Public Information Officer Zachary Hinton said that to show the heightened importance of the situation, two units from the Community Services Division were pulled from their normal duties to begin initial enforcement capacity.
On Wednesday, deputies visited more than 100 businesses to make sure they were in compliance with the ordinance.
Hinton said that they seized more than 2,400 individual packets of synthetic drugs, which were mostly voluntary forfeitures by individuals who contacted the Sheriff's Office to comply.

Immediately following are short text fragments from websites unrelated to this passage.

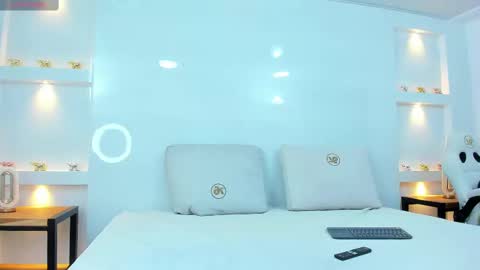 Zenda Evans online show from February 14, 4:04 am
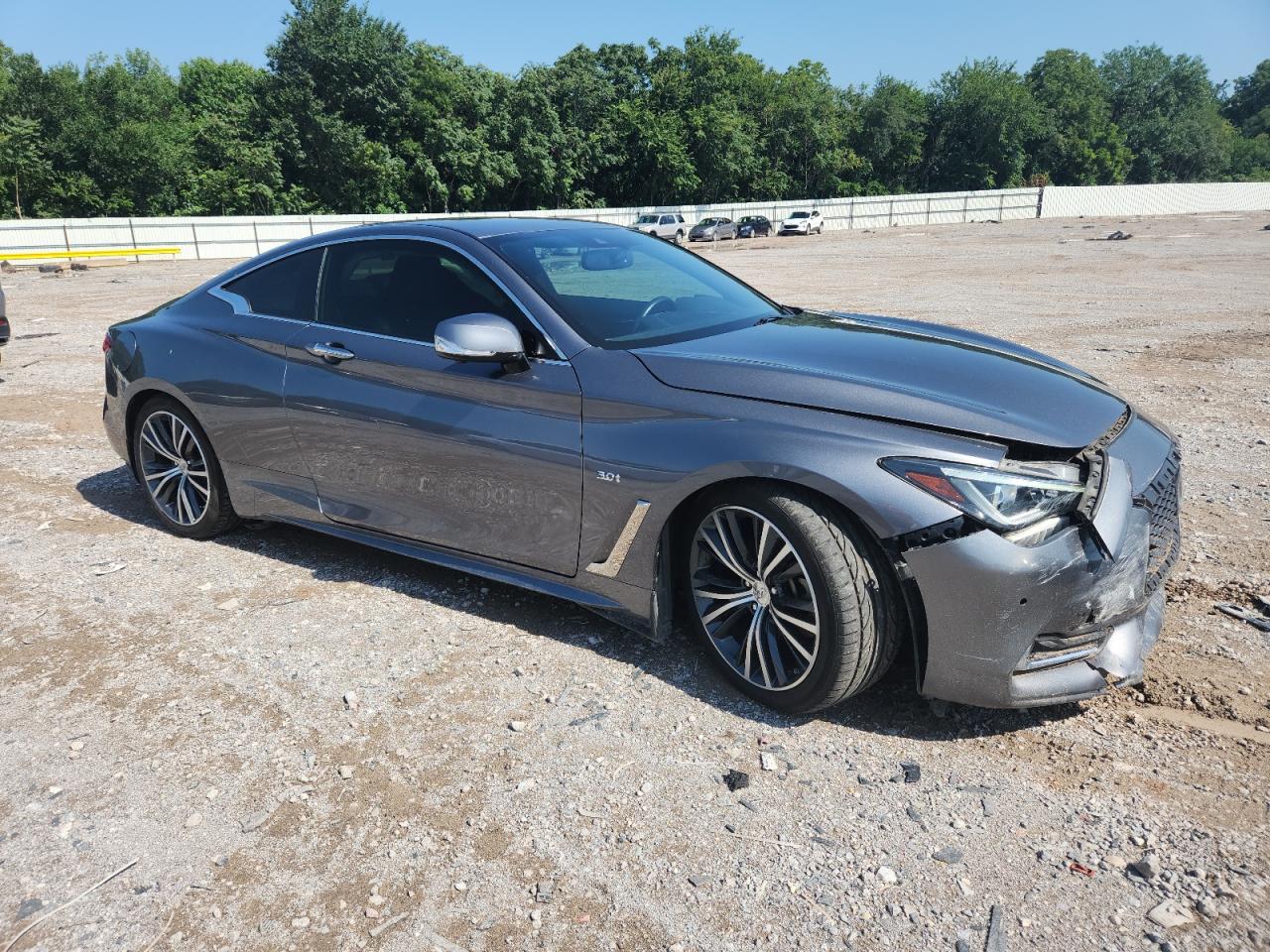 INFINITI Q60 LUXE 300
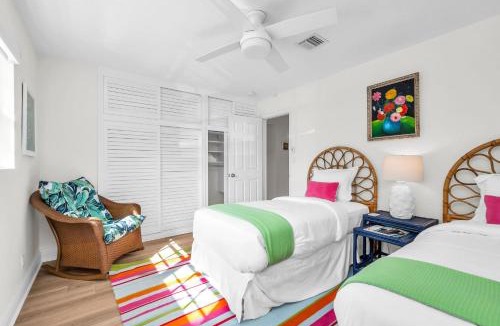 Southside House | The Pink Cabana A Vibrant Escape Great Location!
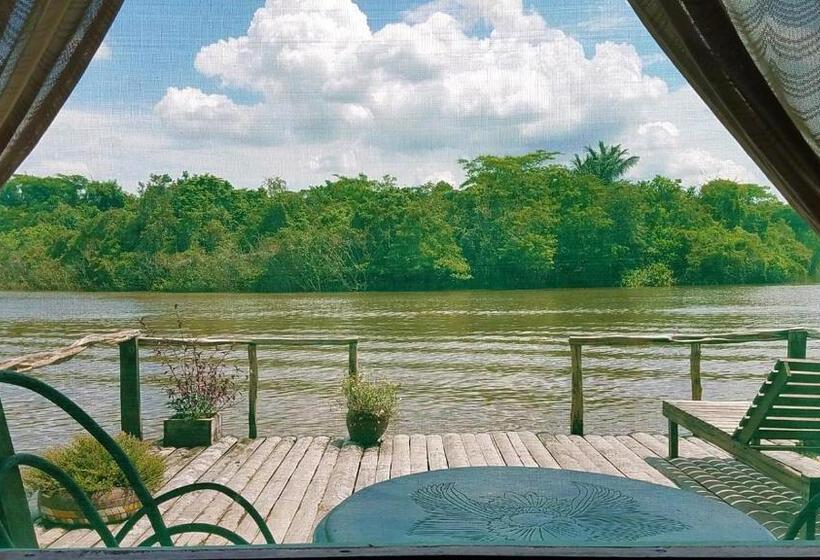 标准平房, Amazon Oasis Floating Lodge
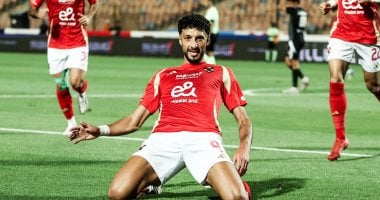 وسام أبو علي يتفوق على وليد أزارو في هدافي الأهلي الأجانب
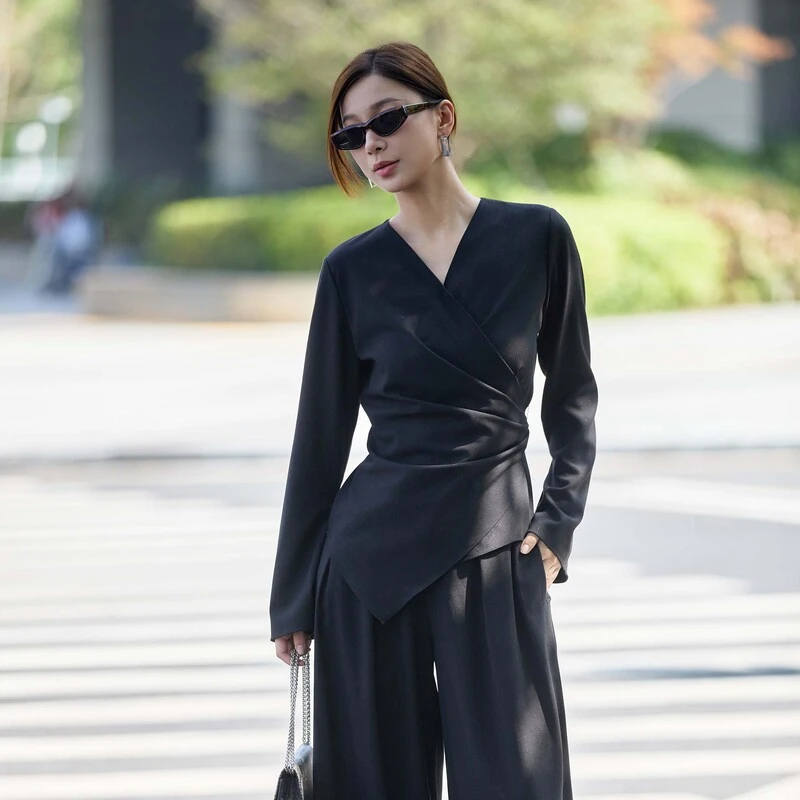 【粉丝专享】圣迪奥OL风V领暗条纹解构长袖衬衫S24380509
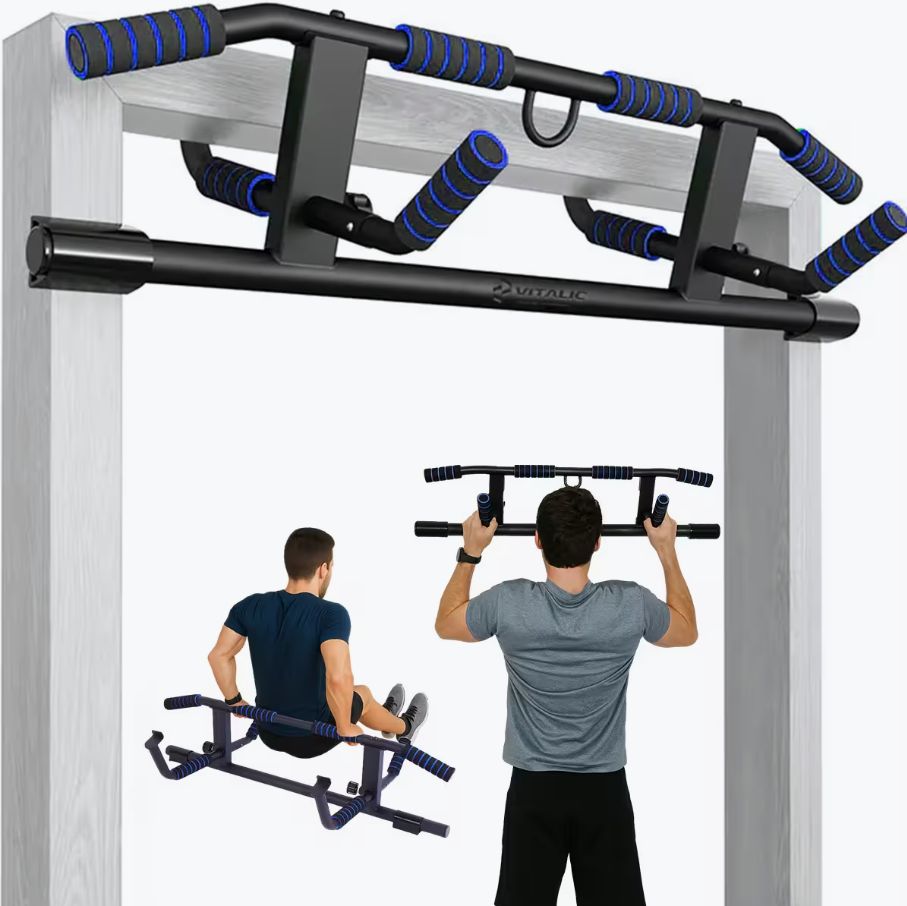 Klimmzugstange für Türrahmen. Schwarze Metallkonstruktion mit blauen Griffen. Zwei Personen demonstrieren die Anwendung.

No civil tickets were issued and most of the businesses were already in compliance.
"Within 24 hours of the ordinance going into effect to ban 'Bath Salts', the Sheriff's Office was able to make a significant impact on the effort to remove these substances from circulation," said Hinton.
Hinton said deputies are in the "process of training to effectively enforce the ordinance as well as making a continued effort to educate the public."
Ordinance violators will be issued civil penalty tickets in situations that warrant charges due to the ordinance's civil nature, according to Hinton.
According to the ordinance approved by the Greenville County Council on Tuesday night, the penalty is punishable by a $500 fine.
On Tuesday night, both the Greenville County Council and the Anderson County Council passed emergency bans on substances commonly known as "bath salts."
The Greenville County ordinance prohibits the advertisement, possession, use, purchase or distribution of substituted cathinones, synthetic cannabinoids and certain other synthetic drugs.
Anderson County Council members passed the second reading of their ordinance and an emergency ban went into effect immediately.
The state plans to list the three primary substances in bath salts and synthetic marijuana as schedule one - the hardest type of drug - within days, according to Adam Myrick with Department of Health and Environmental Control.
"We know that this has been classified by the federal agency, by the DEA, as an imminent threat to public health," said Myrick.
State Representative Ann Thayer was at the Anderson County meeting Tuesday and said that she was working with the sheriff's department to craft legislation that will keep South Carolina laws ahead of any future drug trends.
Anderson County Sheriff John Skipper told FOX Carolina Tuesday night that his office would figure out how to enforce the ordinance and would make sure the drugs were off shelves immediately.
Greenwood County also passed an emergency ban this week. The ban went into effect on Wednesday, giving people a one-day grace period.
The Greenwood County Sheriff said that narcotics teams used that period to visit all shops selling bath salts and provide them with copy of the ordinance.
As of Thursday afternoon, the ban was being actively enforced, but there were no specific numbers available on any seizures or citations issued.
Across the Upstate and Statewide
Spartanburg County is also considering a ban on bath salts.
State health officials are also in the process of working on a ban.
Department of Health and Environmental Control spokesman Adam Myrick said Thursday the agency was working on a ban imposing civil penalties for anyone found making, selling or possessing the drugs known as bath salts and synthetic marijuana. DHEC hasn't determined exactly what those penalties might be.
Myrick said DHEC hopes the ban will stem the drugs' tide until state lawmakers can outlaw them next year.